* **DATA FOR THIS TASK**:
- Opening Delimiter -

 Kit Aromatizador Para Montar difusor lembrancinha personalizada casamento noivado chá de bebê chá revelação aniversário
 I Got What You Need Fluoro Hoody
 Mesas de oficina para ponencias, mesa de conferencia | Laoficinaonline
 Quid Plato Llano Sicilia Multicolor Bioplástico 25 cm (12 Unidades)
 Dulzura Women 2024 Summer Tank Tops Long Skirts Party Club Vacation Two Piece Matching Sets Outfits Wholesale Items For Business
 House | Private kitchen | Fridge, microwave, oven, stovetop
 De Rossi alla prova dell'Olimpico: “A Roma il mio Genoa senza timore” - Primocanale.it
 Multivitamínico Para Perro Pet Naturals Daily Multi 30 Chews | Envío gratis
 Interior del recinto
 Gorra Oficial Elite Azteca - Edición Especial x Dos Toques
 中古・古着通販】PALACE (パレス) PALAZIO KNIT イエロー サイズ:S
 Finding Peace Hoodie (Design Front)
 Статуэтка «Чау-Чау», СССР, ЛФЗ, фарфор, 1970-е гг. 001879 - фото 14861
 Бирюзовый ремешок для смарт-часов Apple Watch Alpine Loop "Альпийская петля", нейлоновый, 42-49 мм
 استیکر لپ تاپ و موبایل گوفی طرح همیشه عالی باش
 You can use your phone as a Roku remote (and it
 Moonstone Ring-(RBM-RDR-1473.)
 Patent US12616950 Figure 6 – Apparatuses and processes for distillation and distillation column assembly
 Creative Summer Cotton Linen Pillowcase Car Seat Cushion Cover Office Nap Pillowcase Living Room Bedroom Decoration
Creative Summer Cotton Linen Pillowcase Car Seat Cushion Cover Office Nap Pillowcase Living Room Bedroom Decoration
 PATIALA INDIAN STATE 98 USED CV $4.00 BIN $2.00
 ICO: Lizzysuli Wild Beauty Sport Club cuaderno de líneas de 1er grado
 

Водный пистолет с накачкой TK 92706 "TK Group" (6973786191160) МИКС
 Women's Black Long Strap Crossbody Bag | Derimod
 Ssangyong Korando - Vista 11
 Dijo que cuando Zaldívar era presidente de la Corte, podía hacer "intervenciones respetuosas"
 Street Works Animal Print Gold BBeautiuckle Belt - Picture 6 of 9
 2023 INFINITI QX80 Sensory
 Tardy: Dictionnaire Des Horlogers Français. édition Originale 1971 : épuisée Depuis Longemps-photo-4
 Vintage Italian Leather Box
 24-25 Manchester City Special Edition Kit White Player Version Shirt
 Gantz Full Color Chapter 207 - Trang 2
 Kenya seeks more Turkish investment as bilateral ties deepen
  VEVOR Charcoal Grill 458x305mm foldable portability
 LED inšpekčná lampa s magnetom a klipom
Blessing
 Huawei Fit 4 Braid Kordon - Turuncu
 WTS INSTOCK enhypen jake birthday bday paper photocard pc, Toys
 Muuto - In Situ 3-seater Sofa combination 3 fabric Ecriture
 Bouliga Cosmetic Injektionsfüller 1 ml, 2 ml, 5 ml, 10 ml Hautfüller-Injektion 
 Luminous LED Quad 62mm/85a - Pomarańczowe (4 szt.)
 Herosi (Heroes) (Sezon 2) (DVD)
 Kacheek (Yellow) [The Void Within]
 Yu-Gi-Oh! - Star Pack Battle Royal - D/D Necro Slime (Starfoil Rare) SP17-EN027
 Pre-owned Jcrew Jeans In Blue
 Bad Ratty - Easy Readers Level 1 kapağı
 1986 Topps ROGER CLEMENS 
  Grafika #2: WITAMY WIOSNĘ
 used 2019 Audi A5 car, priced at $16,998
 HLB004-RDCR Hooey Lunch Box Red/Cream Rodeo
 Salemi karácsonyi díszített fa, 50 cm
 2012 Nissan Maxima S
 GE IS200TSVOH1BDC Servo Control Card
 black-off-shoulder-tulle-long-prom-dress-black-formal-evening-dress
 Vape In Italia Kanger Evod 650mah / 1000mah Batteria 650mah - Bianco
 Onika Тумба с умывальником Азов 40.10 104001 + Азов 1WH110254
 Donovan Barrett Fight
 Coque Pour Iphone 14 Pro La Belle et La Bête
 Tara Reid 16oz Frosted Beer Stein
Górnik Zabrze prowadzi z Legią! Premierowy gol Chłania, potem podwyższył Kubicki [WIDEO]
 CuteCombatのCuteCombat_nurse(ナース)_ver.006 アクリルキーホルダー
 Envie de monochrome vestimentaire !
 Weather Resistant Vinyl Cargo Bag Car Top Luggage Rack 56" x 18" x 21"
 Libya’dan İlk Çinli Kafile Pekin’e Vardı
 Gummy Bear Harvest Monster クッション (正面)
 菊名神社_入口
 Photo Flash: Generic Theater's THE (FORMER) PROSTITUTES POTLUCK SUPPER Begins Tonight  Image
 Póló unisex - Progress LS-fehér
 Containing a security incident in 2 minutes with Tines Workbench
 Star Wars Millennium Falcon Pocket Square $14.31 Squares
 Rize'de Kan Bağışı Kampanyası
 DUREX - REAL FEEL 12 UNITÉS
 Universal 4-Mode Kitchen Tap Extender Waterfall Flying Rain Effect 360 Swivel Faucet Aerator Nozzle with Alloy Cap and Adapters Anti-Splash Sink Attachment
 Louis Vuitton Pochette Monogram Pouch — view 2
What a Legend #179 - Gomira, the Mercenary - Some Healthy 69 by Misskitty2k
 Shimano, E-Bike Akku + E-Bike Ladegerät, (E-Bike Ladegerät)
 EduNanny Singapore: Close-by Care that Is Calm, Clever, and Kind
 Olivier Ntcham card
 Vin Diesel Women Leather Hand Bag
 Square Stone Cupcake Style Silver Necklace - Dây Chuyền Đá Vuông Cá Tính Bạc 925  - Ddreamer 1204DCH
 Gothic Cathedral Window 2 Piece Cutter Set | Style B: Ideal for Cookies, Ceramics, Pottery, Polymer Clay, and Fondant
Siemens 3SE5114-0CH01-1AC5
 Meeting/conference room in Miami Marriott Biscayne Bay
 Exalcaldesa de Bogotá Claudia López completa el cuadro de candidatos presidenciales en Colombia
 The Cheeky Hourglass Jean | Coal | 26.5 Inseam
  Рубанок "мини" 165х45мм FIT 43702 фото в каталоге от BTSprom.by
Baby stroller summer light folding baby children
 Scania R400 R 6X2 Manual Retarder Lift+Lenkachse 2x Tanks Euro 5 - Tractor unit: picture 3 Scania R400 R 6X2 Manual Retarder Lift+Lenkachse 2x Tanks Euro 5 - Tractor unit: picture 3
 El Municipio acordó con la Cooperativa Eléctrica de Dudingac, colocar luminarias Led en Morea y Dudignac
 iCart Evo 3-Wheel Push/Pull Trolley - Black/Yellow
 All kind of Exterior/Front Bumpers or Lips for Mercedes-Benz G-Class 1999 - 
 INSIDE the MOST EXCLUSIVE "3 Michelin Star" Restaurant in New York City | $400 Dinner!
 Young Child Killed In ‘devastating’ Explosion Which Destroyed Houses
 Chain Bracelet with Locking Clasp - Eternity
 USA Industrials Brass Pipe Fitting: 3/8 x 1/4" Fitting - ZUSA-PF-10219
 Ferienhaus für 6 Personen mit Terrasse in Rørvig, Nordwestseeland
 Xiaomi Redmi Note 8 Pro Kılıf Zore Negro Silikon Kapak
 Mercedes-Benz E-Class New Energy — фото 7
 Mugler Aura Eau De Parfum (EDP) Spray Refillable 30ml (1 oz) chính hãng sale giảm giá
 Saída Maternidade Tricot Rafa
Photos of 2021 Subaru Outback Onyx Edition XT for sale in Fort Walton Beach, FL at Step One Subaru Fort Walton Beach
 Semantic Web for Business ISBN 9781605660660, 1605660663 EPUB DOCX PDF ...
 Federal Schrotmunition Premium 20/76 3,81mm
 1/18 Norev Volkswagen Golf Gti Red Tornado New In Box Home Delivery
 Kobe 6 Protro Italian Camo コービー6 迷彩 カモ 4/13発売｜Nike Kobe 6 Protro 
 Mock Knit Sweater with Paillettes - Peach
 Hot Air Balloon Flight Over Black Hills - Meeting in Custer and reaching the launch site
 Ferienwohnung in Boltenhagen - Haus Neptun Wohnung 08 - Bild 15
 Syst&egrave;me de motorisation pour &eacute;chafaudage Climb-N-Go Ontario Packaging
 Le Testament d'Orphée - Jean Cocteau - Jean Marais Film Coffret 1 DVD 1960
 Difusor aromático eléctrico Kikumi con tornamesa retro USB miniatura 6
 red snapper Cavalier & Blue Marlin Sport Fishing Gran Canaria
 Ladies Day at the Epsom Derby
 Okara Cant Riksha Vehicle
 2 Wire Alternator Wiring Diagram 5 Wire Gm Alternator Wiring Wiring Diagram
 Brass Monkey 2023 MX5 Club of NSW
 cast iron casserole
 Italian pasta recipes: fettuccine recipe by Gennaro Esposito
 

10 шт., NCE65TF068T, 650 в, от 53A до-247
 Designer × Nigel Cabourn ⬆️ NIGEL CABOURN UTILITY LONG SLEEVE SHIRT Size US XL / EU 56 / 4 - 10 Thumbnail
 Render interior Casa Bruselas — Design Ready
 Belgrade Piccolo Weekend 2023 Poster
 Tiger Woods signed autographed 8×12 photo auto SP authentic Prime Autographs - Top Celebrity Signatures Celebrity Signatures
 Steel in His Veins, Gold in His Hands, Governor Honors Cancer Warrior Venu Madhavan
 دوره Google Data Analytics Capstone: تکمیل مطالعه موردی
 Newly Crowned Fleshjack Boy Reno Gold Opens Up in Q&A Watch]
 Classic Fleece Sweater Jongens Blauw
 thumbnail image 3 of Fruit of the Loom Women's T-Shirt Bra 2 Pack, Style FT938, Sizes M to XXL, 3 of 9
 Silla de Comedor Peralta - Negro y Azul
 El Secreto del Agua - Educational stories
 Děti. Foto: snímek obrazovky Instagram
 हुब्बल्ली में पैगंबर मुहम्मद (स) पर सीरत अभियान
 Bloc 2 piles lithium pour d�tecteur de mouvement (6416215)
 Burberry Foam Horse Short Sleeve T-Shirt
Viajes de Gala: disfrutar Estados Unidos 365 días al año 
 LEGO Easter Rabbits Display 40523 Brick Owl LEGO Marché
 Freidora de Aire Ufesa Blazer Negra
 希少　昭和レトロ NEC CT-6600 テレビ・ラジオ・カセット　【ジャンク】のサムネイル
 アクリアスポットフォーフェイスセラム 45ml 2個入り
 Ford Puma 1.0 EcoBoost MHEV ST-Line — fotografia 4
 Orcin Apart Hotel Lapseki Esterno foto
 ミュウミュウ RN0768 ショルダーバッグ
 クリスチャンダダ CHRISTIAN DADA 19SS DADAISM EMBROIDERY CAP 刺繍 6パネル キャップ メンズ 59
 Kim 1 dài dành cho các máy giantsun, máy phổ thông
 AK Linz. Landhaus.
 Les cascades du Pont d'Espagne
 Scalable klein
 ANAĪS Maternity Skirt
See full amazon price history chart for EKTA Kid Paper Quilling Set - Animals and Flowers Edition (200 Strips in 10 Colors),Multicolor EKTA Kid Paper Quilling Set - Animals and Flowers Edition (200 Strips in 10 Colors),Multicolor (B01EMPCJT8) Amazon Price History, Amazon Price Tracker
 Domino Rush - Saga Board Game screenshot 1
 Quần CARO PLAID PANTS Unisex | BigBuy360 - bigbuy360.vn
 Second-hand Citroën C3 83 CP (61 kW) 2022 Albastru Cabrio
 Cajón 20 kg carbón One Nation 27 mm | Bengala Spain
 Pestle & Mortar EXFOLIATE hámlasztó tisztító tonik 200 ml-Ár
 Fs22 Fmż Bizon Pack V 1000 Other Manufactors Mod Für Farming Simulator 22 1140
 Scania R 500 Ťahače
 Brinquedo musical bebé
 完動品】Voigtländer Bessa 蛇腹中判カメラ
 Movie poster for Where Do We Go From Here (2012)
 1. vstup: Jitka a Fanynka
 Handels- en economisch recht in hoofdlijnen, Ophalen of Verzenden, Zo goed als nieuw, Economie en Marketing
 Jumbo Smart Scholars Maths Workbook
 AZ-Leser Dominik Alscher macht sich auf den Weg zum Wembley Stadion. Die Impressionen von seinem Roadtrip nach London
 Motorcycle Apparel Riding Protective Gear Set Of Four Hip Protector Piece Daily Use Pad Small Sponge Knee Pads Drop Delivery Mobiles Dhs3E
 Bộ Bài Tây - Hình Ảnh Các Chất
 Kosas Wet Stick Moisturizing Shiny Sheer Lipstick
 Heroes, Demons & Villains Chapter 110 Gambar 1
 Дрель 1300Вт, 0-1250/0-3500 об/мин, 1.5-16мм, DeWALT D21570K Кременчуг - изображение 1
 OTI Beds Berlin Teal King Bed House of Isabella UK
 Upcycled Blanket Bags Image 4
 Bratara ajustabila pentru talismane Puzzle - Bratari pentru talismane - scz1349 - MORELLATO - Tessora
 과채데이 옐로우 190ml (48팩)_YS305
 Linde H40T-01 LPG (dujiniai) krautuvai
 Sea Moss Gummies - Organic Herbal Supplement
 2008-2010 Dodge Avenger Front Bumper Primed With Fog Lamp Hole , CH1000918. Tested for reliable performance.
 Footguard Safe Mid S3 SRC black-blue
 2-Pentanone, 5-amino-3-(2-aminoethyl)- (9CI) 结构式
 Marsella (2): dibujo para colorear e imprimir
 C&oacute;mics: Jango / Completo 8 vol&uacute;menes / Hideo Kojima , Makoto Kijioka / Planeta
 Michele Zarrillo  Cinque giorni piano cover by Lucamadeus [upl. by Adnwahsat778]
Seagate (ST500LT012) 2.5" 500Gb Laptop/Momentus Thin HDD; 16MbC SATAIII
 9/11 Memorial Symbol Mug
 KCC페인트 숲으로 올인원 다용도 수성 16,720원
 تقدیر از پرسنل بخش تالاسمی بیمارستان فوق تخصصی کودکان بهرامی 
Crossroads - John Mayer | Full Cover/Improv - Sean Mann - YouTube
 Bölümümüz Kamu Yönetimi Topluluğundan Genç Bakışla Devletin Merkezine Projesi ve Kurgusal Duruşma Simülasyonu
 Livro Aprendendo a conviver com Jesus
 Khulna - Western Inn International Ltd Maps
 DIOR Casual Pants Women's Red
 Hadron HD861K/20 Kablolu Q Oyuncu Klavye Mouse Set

- Closing Delimiter -

* **EXERCISE PROMPT**: Reproduce the records above exactly, from the first line to the line that holds "استیکر لپ تاپ", inclusive, and omit everything after it.

* **EXPECTED OUTPUT**:
 Kit Aromatizador Para Montar difusor lembrancinha personalizada casamento noivado chá de bebê chá revelação aniversário
 I Got What You Need Fluoro Hoody
 Mesas de oficina para ponencias, mesa de conferencia | Laoficinaonline
 Quid Plato Llano Sicilia Multicolor Bioplástico 25 cm (12 Unidades)
 Dulzura Women 2024 Summer Tank Tops Long Skirts Party Club Vacation Two Piece Matching Sets Outfits Wholesale Items For Business
 House | Private kitchen | Fridge, microwave, oven, stovetop
 De Rossi alla prova dell'Olimpico: “A Roma il mio Genoa senza timore” - Primocanale.it
 Multivitamínico Para Perro Pet Naturals Daily Multi 30 Chews | Envío gratis
 Interior del recinto
 Gorra Oficial Elite Azteca - Edición Especial x Dos Toques
 中古・古着通販】PALACE (パレス) PALAZIO KNIT イエロー サイズ:S
 Finding Peace Hoodie (Design Front)
 Статуэтка «Чау-Чау», СССР, ЛФЗ, фарфор, 1970-е гг. 001879 - фото 14861
 Бирюзовый ремешок для смарт-часов Apple Watch Alpine Loop "Альпийская петля", нейлоновый, 42-49 мм
 استیکر لپ تاپ و موبایل گوفی طرح همیشه عالی باش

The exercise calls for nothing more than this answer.